__Directions for this task__.
The answer is all of the data repeated exactly, with each picture omitted.

══ Stored data ══

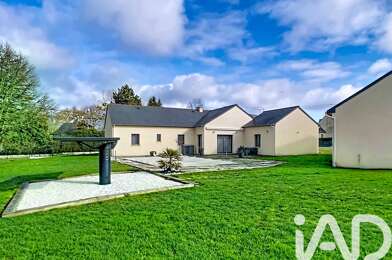 Maison 7 pièces 310500 €
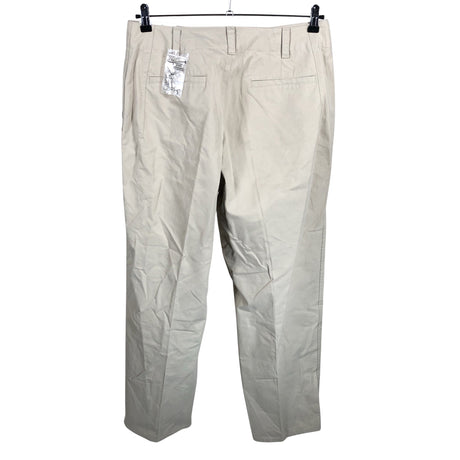 Unisex Uniqlo - Slacks, size W31 - Beige (2)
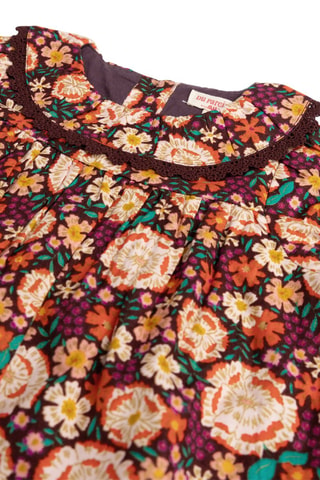 Vestido - Burdeos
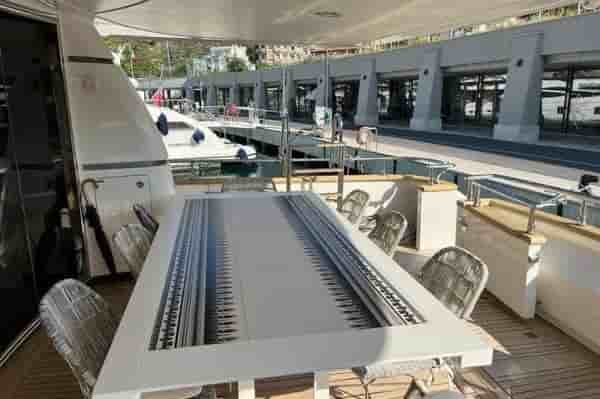 Sanlorenzo Sanlorenzo 82' (2013) - View 5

═══

__Finished exercise__.
 Maison 7 pièces 310500 €
 Unisex Uniqlo - Slacks, size W31 - Beige (2)
 Vestido - Burdeos
 Sanlorenzo Sanlorenzo 82' (2013) - View 5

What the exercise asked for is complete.